A commonly held and reinforced assumption is that following Christ of necessity, and through divine ordination, includes membership to the Church. This view originates from the pulpit, is reinforced at church conferences, and gets regurgitated during conversations. The whole goal of church appears geared toward getting visitors to become members and volunteers who turn bring others into Church. And the purpose of a calling from Christ, or in response to the pulpit, is understood overwhelming by churches to mean schooling people toward professional careers in ministry as related to planting, maintaining, and growing churches and, if we must, parachurch organizations.

And it is here that we must distinguish between the “Church” as a dynamic and vital organism comprised of individuals and headed by the risen Lord from the “Church” as legal and formal institution headed by popes, patriarchs, councils and bishops and businesses headed by boards, apostles and pastors. Where the former “church” is essentially the people the latter “church” is in essence the institution. Viewed as such, and to clarify, the institutional model includes not only the Catholic and Orthodox Churches and the Ecumenical Patriarchies, but also the Protestant Churches and Denominations and even the independent movements, associations and churches.

Anyone recalling the Protestant Reformation will quickly argue that the Catholics, Orthodoxies and Patriarchies maintain the primacy of Tradition, Church and Scripture wrapped up into the Church as institution headed by Popes and Patriarchs.

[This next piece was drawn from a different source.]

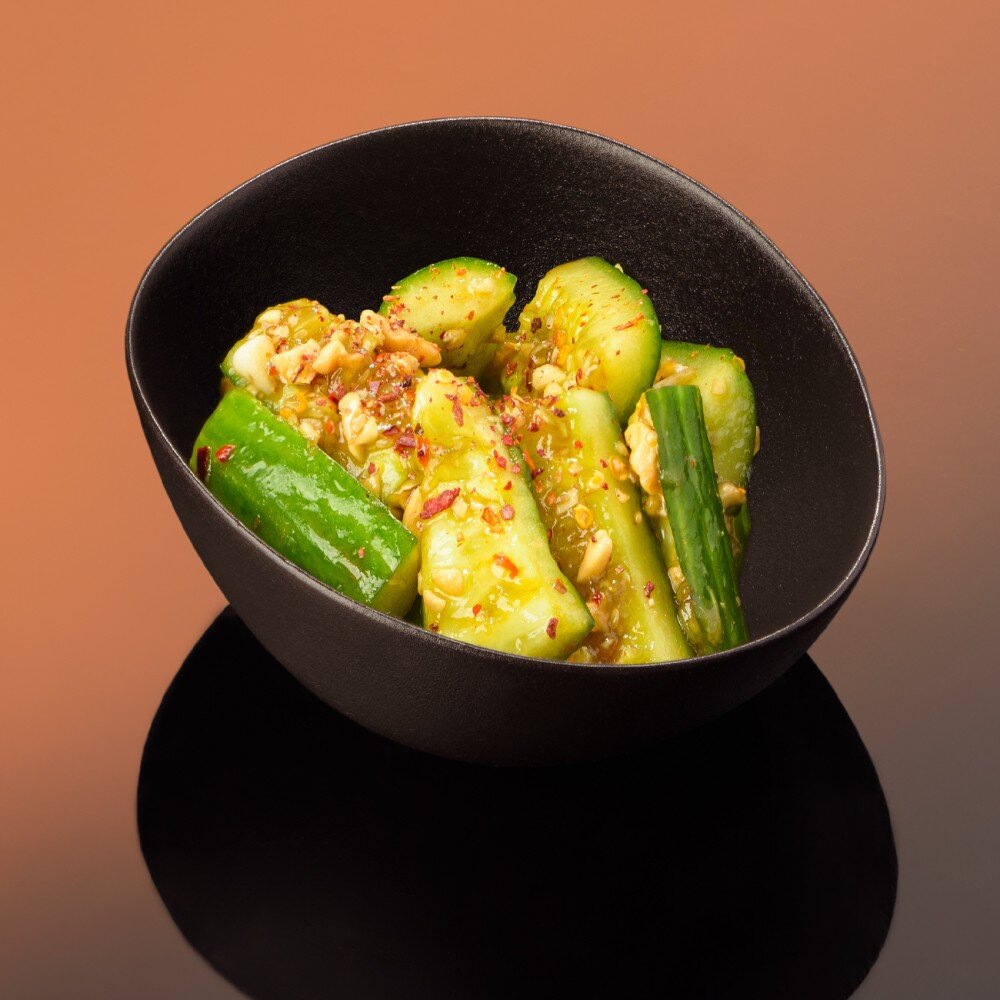 Битые огурцы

Protestants argue that they aren’t institutional in contrast. Instead, Protestants hold to primacy as lying in Scripture over Tradition and therewith salvation by grace through Faith rather than works (or incorporation into an institution or heritage), the Priesthood of all Believers as opposed to clergy and laity, and with the risen Lord continuing as Head of His Church rather than Popes and Patriarchs. However, as practiced, this broad spectrum of churches are all institutional models. And the Protestant churches, despite all their diversity and protestations, are also an institutional model due to their denominations, movements, associations and churches being established and run as legal or juridical persons led in practice by bishops, boards, apostles, and pastors.

And, if permitted to generalize, we can look past all the superficial and cosmetic differences — what different Christians wear, which language they conduct their services in, what titles and positions are held and filled, whether they’re cultural modern or traditional, make use of contemporary or traditional worship, what their order of service is, etc. — to see that, in essence, they’re all doing the same thing when doing church. The Orthodox and Catholics are essentially gathering believers to worship God and receive the Eucharist while Protestants gather believers to worship God and receive the Word. At their core, the true Christian is considered as the committed church goer who regularly attends and participates in an institutional church, whether traditional or modern, and their relationship with God is collapsed into the church worship event.

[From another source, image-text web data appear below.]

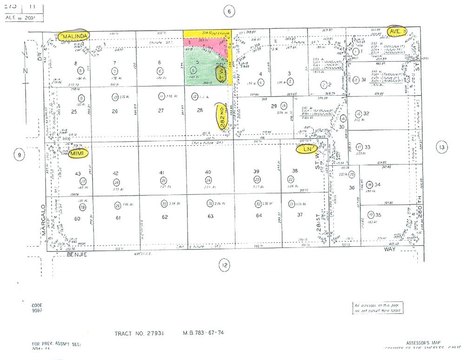 2.56 Acres Land in Lancaster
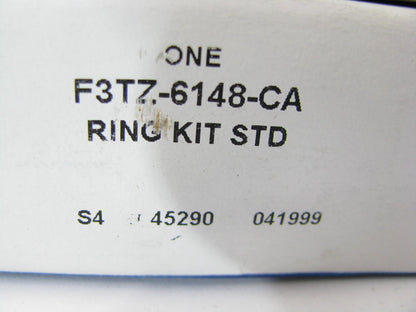 1994-1997 Ford 7.3L DIESEL Piston Rings - Does (8) Pistons OEM FORD F3TZ-6148-CA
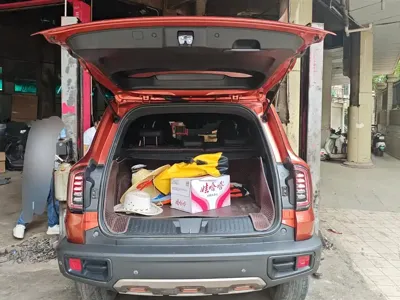 Haval Big Dog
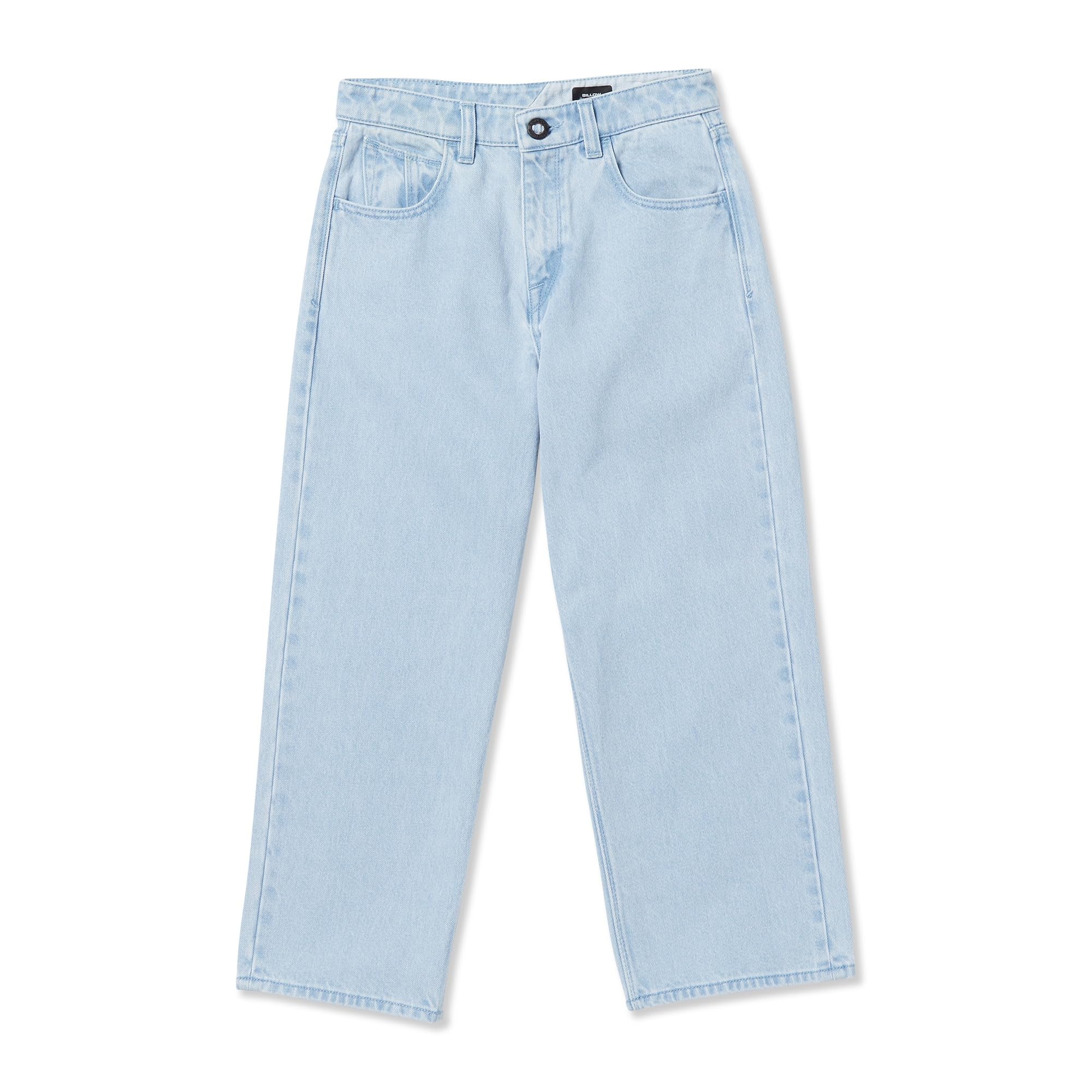 Volcom Denim Cushion Mixed Trousers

But there’s a world of difference between becoming, being, and gathering as the Church that meets with God and the practice of going to church as place, institution, event and gathering where people meet about God. At the core the difference lies in wether we’re meeting with God as a Person who draws near to speak and act or as meeting about God and assuming that in gathering to worship and receive the Eucharist or Word that God must somehow and mysteriously have been met with by faith. There is then a world of difference between the Church as a people living life relationally with God and the Church as an institution or business providing goods, services and events to and for Christians. We may be using the same word “church”, but there’s a world of difference between what is meant when that word is used. And the problem is that this usage enables the institution to take on everything that’s attributed naturally and healthily to the church as the people and make such the church as their institution and business along with their products, services, and events. By doing so we collapse a relationship with God completely into the institution delivering the Eucharist or Word.

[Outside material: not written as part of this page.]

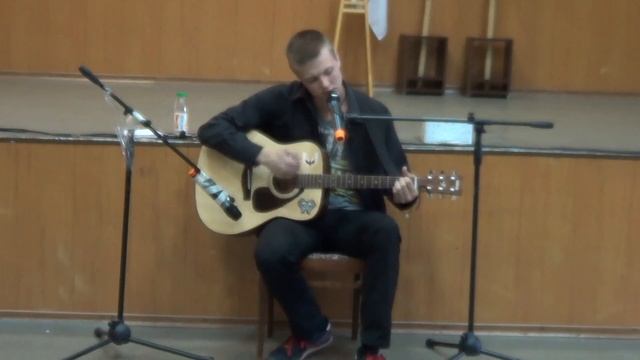 Антон Коста - Хулиган (Есенин) смотреть онлайн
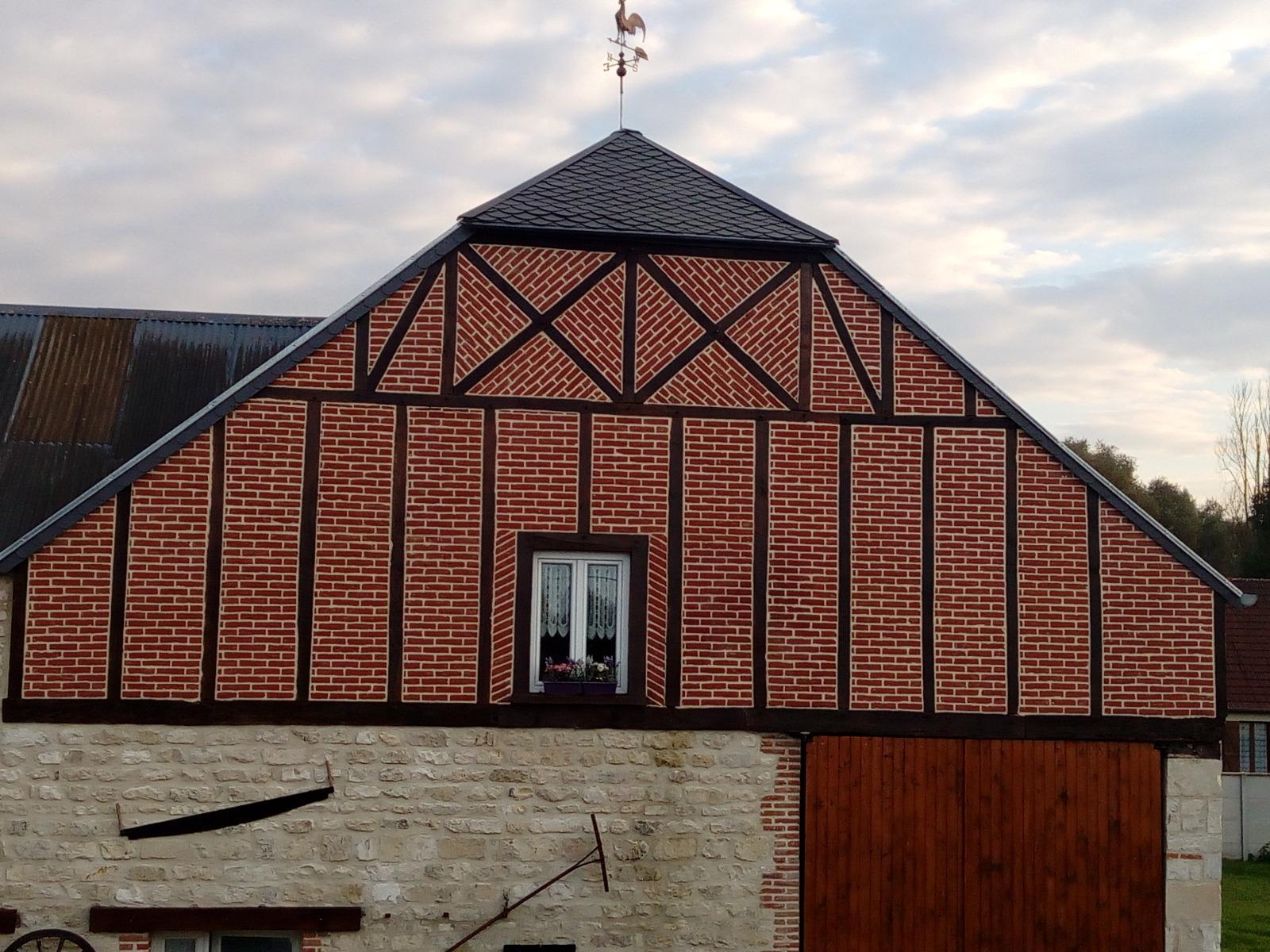 Ravalement de façade - Morlet Eric, Rénovation & Aménagement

However rich and meaningful such Church or Christian services may be, when meeting about God there’s nothing unique about Christianity. Churches merely provide inspiration for living derived from Christian imagery and symbols. They may be drawn from the Judeo-Christian story as told by the church when doing church and taken from the heritage of a faith tradition that’s recorded in the Bible. But surely that’s not the same as a reciprocal relational interaction with God present in Person to speak and act? Church may enable people to interpret and order their lives by the inspiration, symbols, and motivation they draw from the Eucharist received from the priest or Word received from the preacher and Bible, but is that the point of Christianity? Could people not draw similar meaning, experiences, and results from other religious, spiritual and secular sources? In fact, they may even derive such from fictitious and speculative sources. After all, people do experience the very same inspiration, meaning and opportunities in other social, spiritual or religious organizations. If the point of Christianity is the inspiration and meaning for living provided by an institution providing its goods and service, then sure we don’t need Christ as the faith, along with all other faiths, are able to provide the vet same meaning and purpose.

It is my argument, and deep conviction, that the church as institution gets in the way of experiencing God. This is because the Church as institution has hijacked what it means to be the church and because it has completely collapsed a vital and reciprocal relationship with God unto its services, events and goods. And having done so, it schools people into only meetin about God and somehow accepting solely on the basis of faith that God has actually and mysteriously been met. And though we can leave the institutional church to try and form authentic community, this still doesn’t mean that we’ve found a way to meet together with God. We may meet about God, retaining the gathering component and even being doing such as the gathering Church apart from the institution. But, having been strongly schooled into meeting about God, we have no way of meeting with God and instead work on ways to meet with each other and our selves. And as good as this is, it doesn’t answer the question as to how we may go about meeting with God.